MTA chairman and chief executive officer Jay Walder stunned me last month when he appeared at a press conference with New York City students who were concerned that, because of proposed state and city budget cuts, they might someday lose their free and discounted MTA subway and bus trips. Yeah, after a lifetime of free or discounted rides, it had to be a bummer for these teenagers to realize their parents might actually have to pay fair-market value ($2.25 per trip) for a student MetroCard. Also, doesn’t anyone within the five boroughs reside within walking distance of their school?
“I strongly believe that students in New York City should be able to travel to school without paying, just like students around the state,” Chairman Walder stated, in a news release, adding later, “I wish I could commit to fund this program, but the MTA simply does not have the money to cover this State and City responsibility any longer.”
The Paterson administration is facing a $9 billion budget deficit and rightfully determined that this MTA student perk was neither politically justifiable nor economically sustainable. Even The New York Times editorial board, which rarely encounters a governmental subsidy it doesn’t like, had trouble last week defending the MTA’s insistence it needs to continue spending $214 million a year for city students’ free and discounted subway and bus trips while the MTA was at the same time reducing services because of budgetary constraints. Memo to Mr. Walder: Leave the grandstanding to others, and preserve your credibility, the most important asset you’ll ever have.

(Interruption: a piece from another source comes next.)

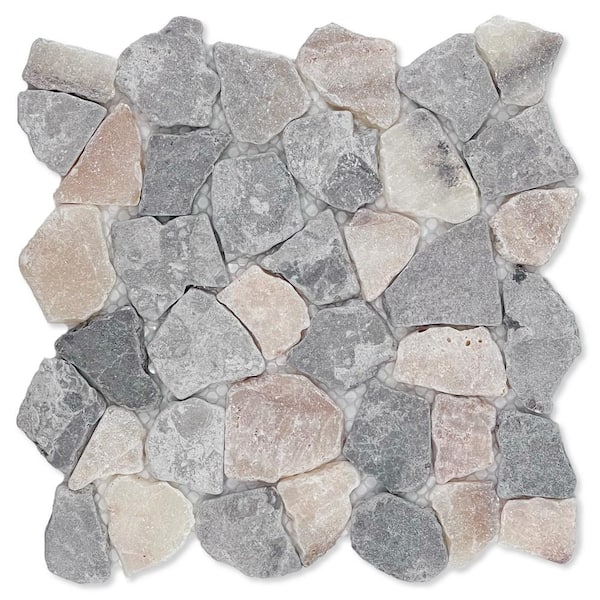 TILE CONNECTION Fit Ash Grey Quartz Mix 11 in. x 11 in. x 9.5 mm Indonesian Marble Mesh-Mounted Mosaic Tile (9.28 sq. ft./case)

Really stupid and futile MTA-related gestures have taken place in Suffolk County, too. The town supervisors of Babylon, Brookhaven, Huntington, Islip, Riverhead, Smithtown and Southampton announced on March 29 their intent to file a lawsuit against the state and the MTA, challenging the validity of the MTA payroll tax. The tax, imposed by the Democrat-controlled state Legislature in 2009, extracts $340 out of every $100,000 earned in New York’s 12 downstate counties, and allocates those monies into the MTA’s coffers.
Governments are not exempt from the MTA payroll tax, and these seven town supervisors have paid the fee as municipal employers. Yet, if you’re going to launch a court action which could blow a $1 billion-plus hole in the MTA’s annual operating budget, aren‘t you obligated to explain how you’d make up the shortfall? Nah, I doubt the town supervisors even want to win the lawsuit. They’ve got their headlines, and can now get on with the important business of steering the MTA payroll tax litigation work to their favorite private-sector law firms.
Mike Barry, a corporate communications consultant, has worked in government and journalism.